Comment on Baptismal Font to Brahetrolleborg Church

The reliefs on the sides of the font are found in numerous later versions. The relief The Baptism of Christ is known with certainty to have been produced in a minimum of three versions: the relief on the baptismal font itself; the separate relief The Baptism of Christ, A736; and Ny Carlsberg Glyptotek cat. no. MIN 447. At the auction of some of Thorvaldsen’s effects held at Thorvaldsens Museum on October 5, 1849, no fewer than three plaster reliefs with the Baptism of Christ were offered for sale as cat. nos. 63-65, in the category of Works by Thorvaldsen in Plaster. Of these, no. 63 was evidently not sold, or sold prior to the auction date (in Thorvaldsens Museum’s copy of the auction list, the phrase “did not appear” is noted beside the item’s number); no. 64 was bought by the Spanish diplomat Don Leopoldo Augusto de Cueto (1815-1901), who had been posted to Copenhagen in 1847; no. 65 is recorded as having been bought by C. F. Wilckens, but afterwards the word Museet (‘the Museum’) was added in red, and on a sticker added to the back of the auction list, Ludvig Müller (1809-1891), then a museum inspector, recorded that Wilckens had bought no. 65 (among other items) for the museum: “That … No. 65 was bought for the Museum by Mr. Wilckens at the 2nd installment of Thorvaldsens Museum’s auction, is hereby attested to on November 20, 1849 by L. Müller.”

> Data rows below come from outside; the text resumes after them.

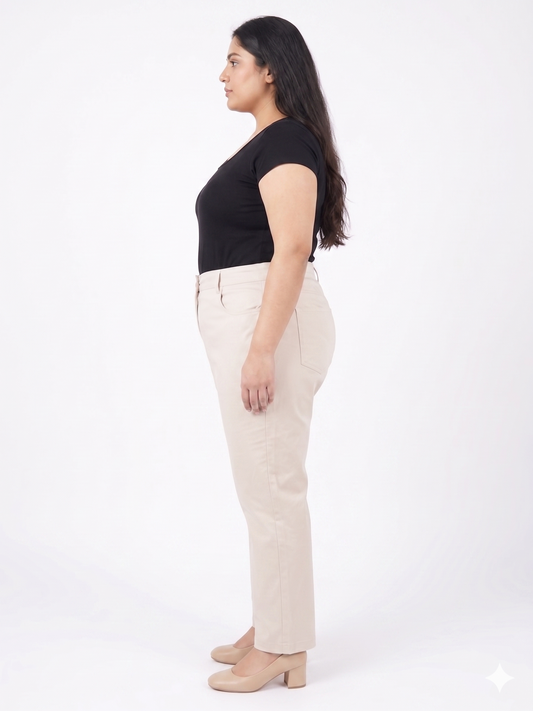 Elegant High-Rise Straight-Leg Trousers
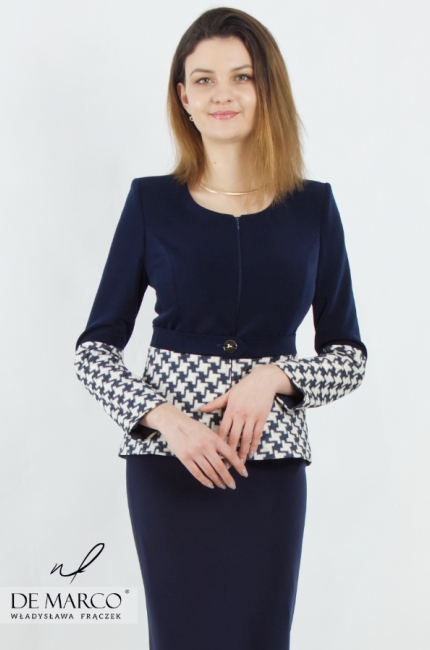 Elegant women's business attire. Business suit Dora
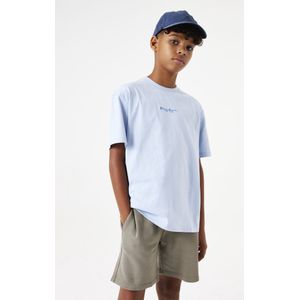 GARCIA Jongens Shorts - Bruin - Katoen - Relaxed Fit met Logobadge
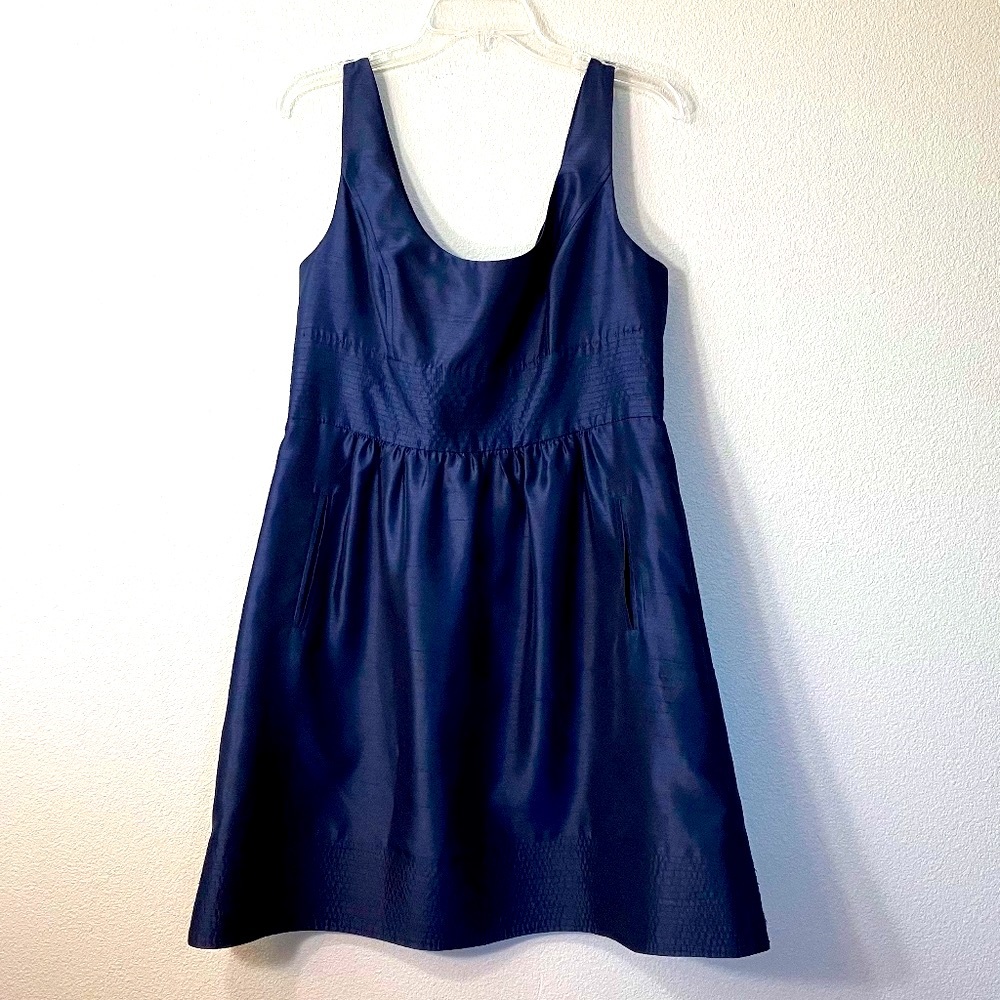 Navy blue party dress WITH POCKETS, JS Boutique size 14 - Picture 4 of 13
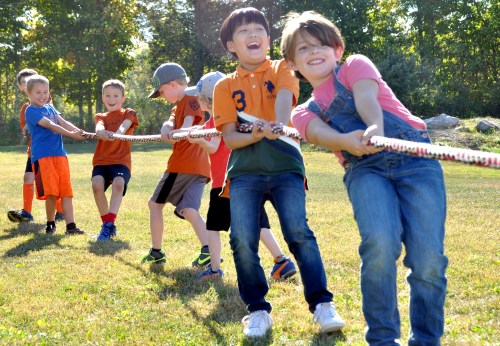 Tug of war at last Saturday's New Paltz Central School District's Foundation for Student Enhancement kids event at the Field of Dreams.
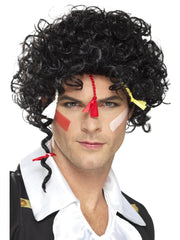 80s New Romantic Wig, Black 1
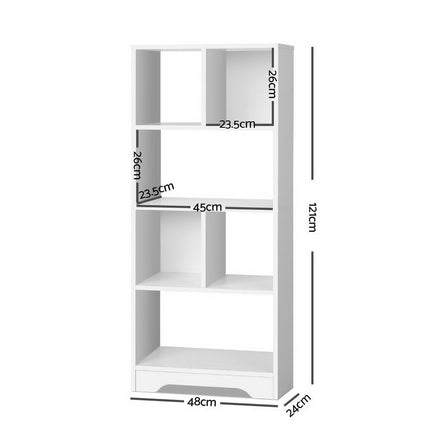 Artiss Bookshelf 6 Tiers - ANA White 2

Without a doubt, No. 65 can only be identical to the relief The Baptism of Christ, A736. This relief differs from that on the baptismal font in part by the fact that the drapery covers somewhat more of the men’s bodies. With regard to the remaining two reliefs, it is unknown whether they were identical copies or variations; nor can it be determined whether they were original models or subsequent casts. As mentioned previously, the Ny Carlsberg Glyptotek is in possession of another Baptism of Christ, here called Baptism of Jesus (cat. no. MIN 447), with clearly marked points for marble carving. Here, too, there are smaller divergences in motif from the Baptism of Christ on the Baptismal Font, A555,1, and from The Baptism of Christ, A736. The Glyptotek’s version is listed as having the following provenance: “Auction of Effects of Thorvaldsen, 1859. Bought [for the Glyptotek] by Thorvaldsen’s Valet W. Wilchens. Rasmus Secher Malthe. Carl Jacobsen 1880.” Cf. Jens Peter Munk, Katalog Dansk skulptur 1694-1889 [Catalogue of Danish Sculpture, 1694-1889], Ny Carlsberg Glyptotek (Copenhagen 1995), p. 198.
Rasmus (Secher) Malthe (1829-1893) was a sculptor and helped Carl Jacobsen with art purchases; “W. Wilchens” must be an error for C. F. Wilckens; and the auction of Thorvaldsen’s effects in which the reliefs were sold was, as mentioned, held at Thorvaldsens Museum on 5.10.1849. A second auction was held on November 17, 1858, but here only a frame for the relief was on sale. It is thus most probable that either no. 63 or no. 64 ended up at the Glyptotek as The Baptism of Jesus, and no. 65 is indubitably the Museum’s exemplar of the relief The Baptism of Christ, A736.
It is ultimately clear that one of these three—The Baptism of Christ, A736, or the Glyptotek’s exemplar (The Baptism of Jesus, cat. no. MIN 447), or the third relief (no longer extant)—must be the one that Thorvaldsen produced in Montenero in late August 1805, and which appears on the baptismal font in a later, reworked version. The Baptism of Christ, A736, has no sign of pointing for marble carving; but this does not rule out the possibility that it was the relief produced in Montenero as a forerunner to the one on the Baptismal Font, A555,1.